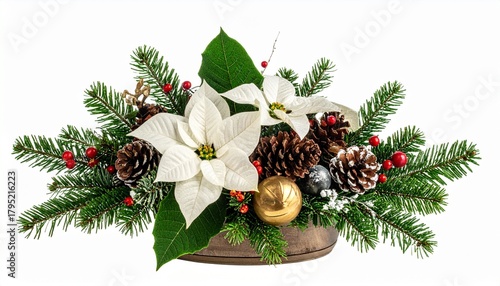 Festive Christmas table decoration featuring a beautiful white poinsettia, green pine needles, and golden baubles isolated on a white background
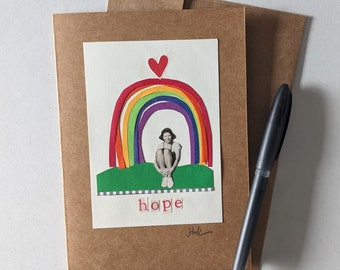 Hope Vintage Photo ORIGINAL COLLAGE ART Rainbow Heart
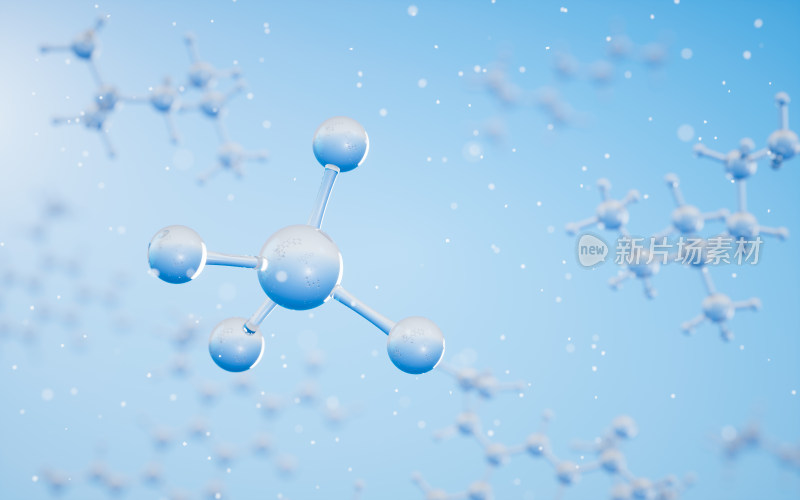 蓝色的微观分子3D渲染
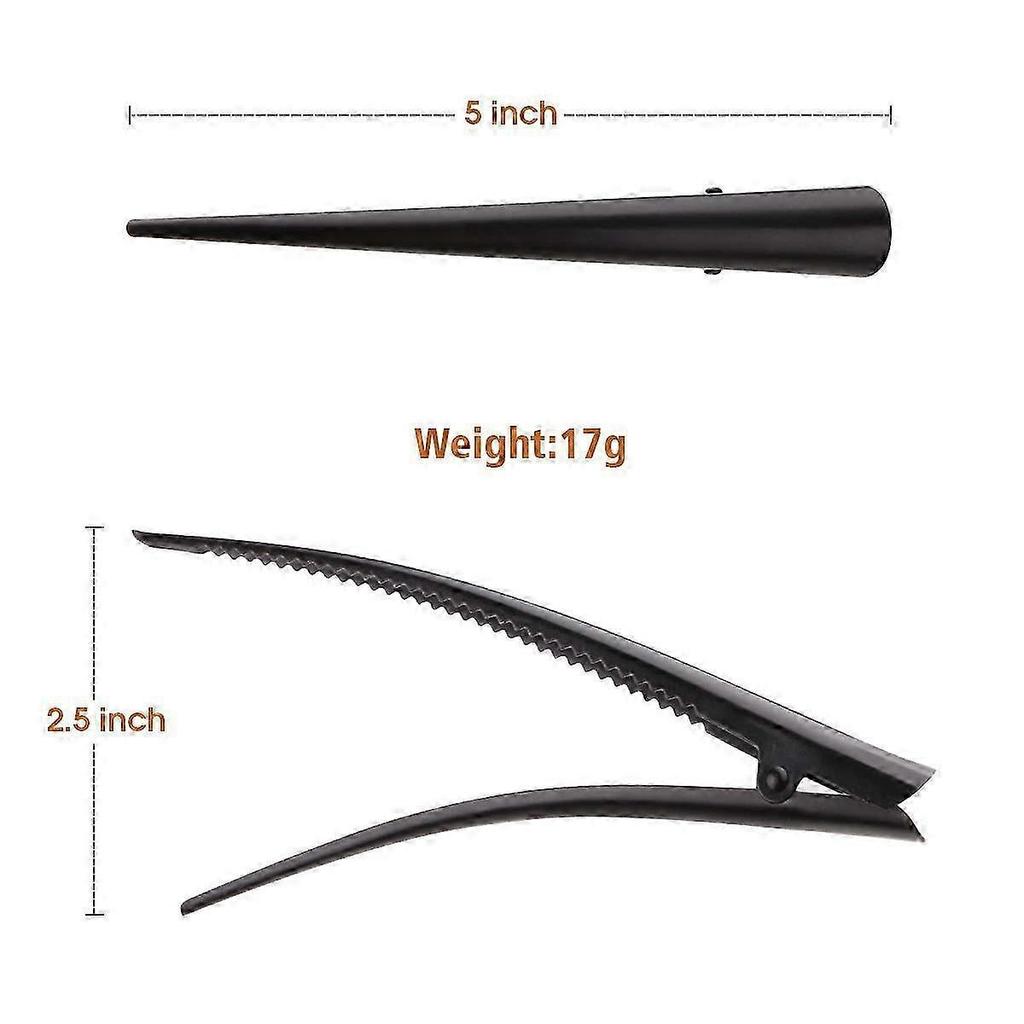 Large Long Alligator Hair Clips for Styling Salon Sectioning, 5 inch Rust-Proof Durable Non-Slip Duckbill Metal Clips for Women Thick and Thin Hair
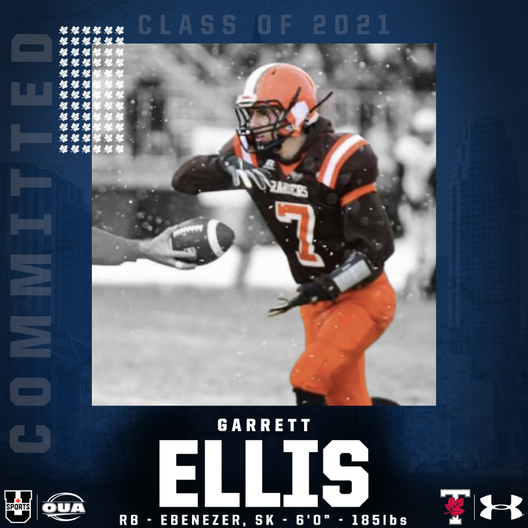 UofTBluesFB's tweet photo. Today we would like to welcome another Massive Addition to the 2021 Recruiting Class 6'0 205 LB RB Garrett Elllis! Garrett will be joining us from the Yorkton Regional High School Program! Garrett is from Ebenezer Saskatchewan! 

#BLEEDBLUE #WeAreTO #SaskBlues https://t.co/jpFlViugJT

Problem statement
Look at the listing and set down only the lines from its start through the line with "Large Long Alligator", word for word and without pictures.

Answer space
 Festive Christmas table decoration featuring a beautiful white poinsettia, green pine needles, and golden baubles isolated on a white background
 Hope Vintage Photo ORIGINAL COLLAGE ART Rainbow Heart
 蓝色的微观分子3D渲染
 Large Long Alligator Hair Clips for Styling Salon Sectioning, 5 inch Rust-Proof Durable Non-Slip Duckbill Metal Clips for Women Thick and Thin Hair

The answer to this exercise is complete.